Classify documents into biocuration topics using machine learning models.
Trained models are uploaded to the ABC repository. When used to classify new documents, the classifier related to the specified MOD abbreviation and topic (data type) is fetched from the ABC. Documents for training and classification are fetched from the ABC repository in TEI format.
-
Clone the repository:
git clone https://github.com/yourusername/agr_document_classifier.git cd agr_document_classifier
-
Create and configure the
.env
file:cp .env.example .env # Edit the .env file to include your specific configuration
-
Build the Docker image:
docker-compose build
To train a classifier, run the following command:
docker-compose run agr_document_classifier python agr_document_classifier.py --mode train --datatype_train <topic_ATP_ID> --mod_train <mod_abbreviation> --embedding_model_path <path_to_embedding_model>
- --weighted_average_word_embedding: Use weighted average for word embeddings.
- --standardize_embeddings: Standardize the embeddings.
- --normalize_embeddings: Normalize the embeddings.
- --sections_to_use: Specify sections to use for training.
- --skip_training_set_download: Skip downloading the training set.
- --skip_training: Skip the training process and upload a pre-existing model.
To classify documents, run the following command:
docker-compose run agr_document_classifier python agr_document_classifier.py --mode classify --embedding_model_path <path_to_embedding_model>
The project uses environment variables for configuration. These variables are defined in the .env file.
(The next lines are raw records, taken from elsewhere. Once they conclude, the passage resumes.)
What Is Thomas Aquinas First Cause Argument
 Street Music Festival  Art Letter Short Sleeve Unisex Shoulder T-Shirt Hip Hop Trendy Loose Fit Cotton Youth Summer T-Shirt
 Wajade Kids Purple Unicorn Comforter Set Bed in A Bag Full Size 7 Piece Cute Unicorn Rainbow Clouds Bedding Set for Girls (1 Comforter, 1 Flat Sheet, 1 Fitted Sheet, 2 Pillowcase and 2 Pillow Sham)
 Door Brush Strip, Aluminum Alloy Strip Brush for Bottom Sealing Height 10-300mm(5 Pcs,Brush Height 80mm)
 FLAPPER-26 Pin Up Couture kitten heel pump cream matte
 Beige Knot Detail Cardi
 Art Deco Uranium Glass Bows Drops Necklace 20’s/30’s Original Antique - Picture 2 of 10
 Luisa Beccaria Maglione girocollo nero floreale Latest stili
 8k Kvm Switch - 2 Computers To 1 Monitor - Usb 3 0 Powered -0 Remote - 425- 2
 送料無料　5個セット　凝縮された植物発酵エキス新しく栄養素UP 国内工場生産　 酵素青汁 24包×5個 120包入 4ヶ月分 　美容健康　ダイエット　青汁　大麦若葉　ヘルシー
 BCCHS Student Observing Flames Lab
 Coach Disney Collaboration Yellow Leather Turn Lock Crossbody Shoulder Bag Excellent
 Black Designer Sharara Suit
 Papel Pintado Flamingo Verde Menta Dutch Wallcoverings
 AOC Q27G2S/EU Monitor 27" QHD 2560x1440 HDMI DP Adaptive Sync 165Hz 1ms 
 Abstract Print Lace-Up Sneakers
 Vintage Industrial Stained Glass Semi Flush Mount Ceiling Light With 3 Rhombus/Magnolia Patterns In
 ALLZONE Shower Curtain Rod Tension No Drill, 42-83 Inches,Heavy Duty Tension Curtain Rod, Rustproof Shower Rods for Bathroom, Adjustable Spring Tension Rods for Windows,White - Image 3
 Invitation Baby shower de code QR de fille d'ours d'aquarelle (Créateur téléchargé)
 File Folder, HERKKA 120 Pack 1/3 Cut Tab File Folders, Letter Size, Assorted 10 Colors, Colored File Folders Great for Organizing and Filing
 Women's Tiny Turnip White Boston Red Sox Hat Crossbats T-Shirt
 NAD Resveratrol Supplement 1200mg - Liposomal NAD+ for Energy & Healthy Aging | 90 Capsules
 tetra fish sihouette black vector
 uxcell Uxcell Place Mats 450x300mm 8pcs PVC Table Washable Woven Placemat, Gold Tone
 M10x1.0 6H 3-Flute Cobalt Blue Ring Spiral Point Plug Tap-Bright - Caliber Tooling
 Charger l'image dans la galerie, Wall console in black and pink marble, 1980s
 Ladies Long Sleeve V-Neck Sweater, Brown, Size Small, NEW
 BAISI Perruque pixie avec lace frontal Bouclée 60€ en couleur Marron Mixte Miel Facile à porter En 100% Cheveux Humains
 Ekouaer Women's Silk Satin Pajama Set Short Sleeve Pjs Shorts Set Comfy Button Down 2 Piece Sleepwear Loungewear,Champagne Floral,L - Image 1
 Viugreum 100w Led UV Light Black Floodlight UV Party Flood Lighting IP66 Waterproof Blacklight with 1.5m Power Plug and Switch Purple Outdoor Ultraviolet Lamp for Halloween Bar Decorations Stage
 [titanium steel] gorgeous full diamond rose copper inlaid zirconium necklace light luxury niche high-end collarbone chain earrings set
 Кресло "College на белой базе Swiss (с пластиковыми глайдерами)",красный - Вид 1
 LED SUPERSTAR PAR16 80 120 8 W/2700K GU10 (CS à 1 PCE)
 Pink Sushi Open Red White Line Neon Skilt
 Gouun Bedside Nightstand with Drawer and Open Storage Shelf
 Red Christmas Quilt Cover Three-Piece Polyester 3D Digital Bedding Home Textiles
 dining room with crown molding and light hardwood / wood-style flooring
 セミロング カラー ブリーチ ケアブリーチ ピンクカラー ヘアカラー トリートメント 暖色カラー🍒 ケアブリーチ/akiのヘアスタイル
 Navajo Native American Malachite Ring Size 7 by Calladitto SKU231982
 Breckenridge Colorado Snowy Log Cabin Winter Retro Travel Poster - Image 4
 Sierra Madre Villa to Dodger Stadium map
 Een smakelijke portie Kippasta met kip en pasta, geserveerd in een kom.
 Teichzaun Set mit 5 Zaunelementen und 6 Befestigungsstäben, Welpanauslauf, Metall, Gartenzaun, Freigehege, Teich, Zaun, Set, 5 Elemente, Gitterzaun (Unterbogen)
Key variables include:
- TRAINING_DIR: Directory for training data.
- CLASSIFICATION_DIR: Directory for documents to classify.
- CLASSIFIERS_PATH: Path to save classifiers.
- GROBID_API_URL: URL for the GROBID API.
- ABC_API_SERVER: URL for the ABC API server.
- OKTA_*: Configuration for Okta authentication.
- CLASSIFICATION_BATCH_SIZE: Batch size for document classification.